Side Bend Stretch
The Side Bend Stretch is a fundamental mobility exercise that targets the obliques and lateral spinal muscles to improve flexibility and range of motion. It involves laterally flexing the spine to relieve tension in the torso and lower back.
Since this is a recovery-focused movement, the AI analyzes your workout history and HRV to determine the optimal duration for your holds; on high-stress days, it may prescribe longer durations to encourage parasympathetic recovery. It also tracks your perceived exertion to ensure you are stretching to a point of mild discomfort rather than pain, preventing overstretching.

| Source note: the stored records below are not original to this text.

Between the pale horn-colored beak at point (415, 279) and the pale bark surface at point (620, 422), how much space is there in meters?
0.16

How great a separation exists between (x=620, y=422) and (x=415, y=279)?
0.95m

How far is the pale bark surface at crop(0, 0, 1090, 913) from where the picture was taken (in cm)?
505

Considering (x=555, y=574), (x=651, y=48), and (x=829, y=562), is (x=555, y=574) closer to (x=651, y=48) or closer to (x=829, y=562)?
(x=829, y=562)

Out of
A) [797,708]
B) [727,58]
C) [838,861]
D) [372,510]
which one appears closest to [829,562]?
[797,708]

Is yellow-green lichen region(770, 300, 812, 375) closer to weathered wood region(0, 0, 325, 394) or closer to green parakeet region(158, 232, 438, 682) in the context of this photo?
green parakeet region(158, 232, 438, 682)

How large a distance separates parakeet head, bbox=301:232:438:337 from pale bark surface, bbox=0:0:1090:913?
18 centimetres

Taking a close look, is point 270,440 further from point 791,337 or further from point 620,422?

Over time, the app learns if this specific stretch effectively reduces your reported lower back stiffness compared to other mobility drills.
Form Cues
- Stand tall with feet hip-width apart and glutes engaged
- Reach your top arm up and over to create length
- Keep your hips square and stable throughout
- Breathe deeply into the side of the ribcage being stretched
- Don't twist your torso forward or backward
- Don't collapse into the side you are bending toward
- Don't bounce or jerk during the movement
- Don't hold your breath
Common Mistakes
- Twisting the torso forward
- Shifting hips excessively sideways
- Bouncing to increase range
- Collapsing the chest
- Holding breath
Muscles Worked
This exercise primarily isolates the internal and external obliques, which are crucial for torso rotation and lateral stability. It also engages the quadratus lumborum (QL) and erector spinae, helping to decompress the spine and alleviate tightness in the lower back.